Convolutional Encoding

Unlike block codes (like Reed-Solomon), Convolutional Codes do not have a fixed block size. Instead, they process a continuous stream of bits. The output at any given time depends not only on the current input bit but also on the previous $K-1$ bits, where $K$ is the Constraint Length.+1.

Convolutional codes are a class of error-correcting codes that generate parity symbols via the sliding application of a boolean polynomial function to a data stream. Unlike block codes, which process data in fixed-size chunks, convolutional codes process data sequentially, introducing memory into the system. This memory is key to their robust performance in noisy channels.

The Viterbi algorithm, proposed by Andrew Viterbi in 1967, is the most common decoding algorithm for convolutional codes. It is a maximum likelihood (ML) decoding algorithm that finds the most probable sequence of hidden states (the data sequence) given the observed sequence of symbols (the received signal).

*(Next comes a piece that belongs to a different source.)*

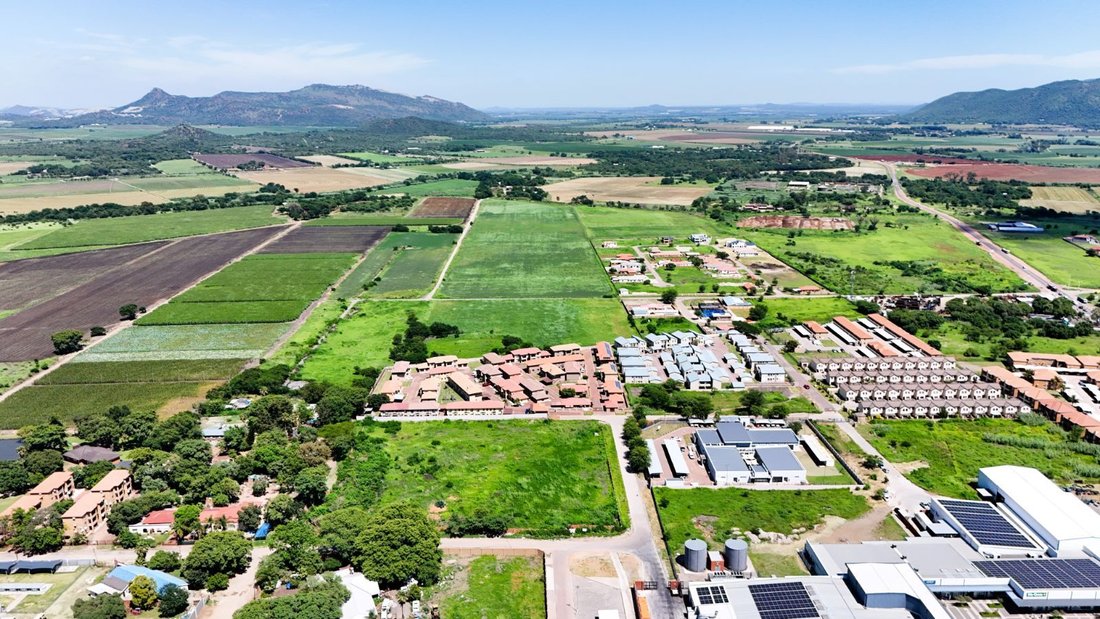 Farm Ranch in Johannesburg, Gauteng, South Africa 2 - 17530636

Construction of Convolutional Codes

A convolutional encoder is essentially a finite state machine (FSM). It consists of:

Shift Registers: A chain of $K$ memory elements (flip-flops) that hold the current and recent input bits. $K$ is known as the constraint length.
Modulo-2 Adders (XOR Gates): These sum specific bits from the shift registers to produce output bits.
Generators: These define which shift register taps are connected to which adder.

Parameters

$k$: Number of input bits shifted in at each time step (usually 1).
$n$: Number of output bits generated at each time step.
$R = k/n$: Code rate.
$K$: Constraint length (depth of the shift register).
$m = K – 1$: Number of memory elements.

Example: Rate 1/2, K=3 Encoder

Let’s construct a simple encoder with $R=1/2$ and $K=3$. This means for every 1 input bit, we get 2 output bits. The memory size is 2 bits.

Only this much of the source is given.